Jobs's bet: You'll start spending more and more time in OS X, until you — too — become one of the pod people.

It's sad to see so many of my compatriots being turned into lemmings. Perhaps they'll wake up and smell the Apple pie in the sky — and realize they've been taken for a ride.

But I doubt it. Because I'm a firm believer that once you start using a Mac, your IQ begins to creep downwards, inversely proportional to an increase in your AAF (Apple Acceptance Factor).

In fact, I'm blaming the AAF for a wide-range of habits espoused by supposedly "creative people." I'll bet it's responsible for tattoos, piercings and the wide-spread adoption of the phrase "no worries."

In fact, I believe that most of today's societal ills can be either indirectly or directly attributed to Apple. Widespread hearing loss? Blame the iPod. Carpal tunnel? Blame the Newton. Upswing in hernias? That Infinite Loop idiot who decided to put a handle on the first iMac — and started the whole luggable trend.

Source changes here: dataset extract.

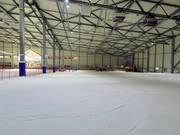 Eigen beginnersgebied met sleeplift in het dalgebied van de skihal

No, Boot Camp is just the latest diabolical piece of Steve Jobs's grand plan to dumb us down and mangle our bodies. It's no coincidence that all this is happening just as Jobs has taken a seat on the board of Disney (which also owns ABC). Pretty soon we'll be good for nothing but sitting on our butts and watching TV.

So go ahead and Boot Camp if you must. But don't come running to me when your mind and body prematurely degenerate. I'll be smart, fit, and enjoying my real Windows computers, while you ooze slowly into the Pixar-Disney-ABC swamp of mindlessness. Chump.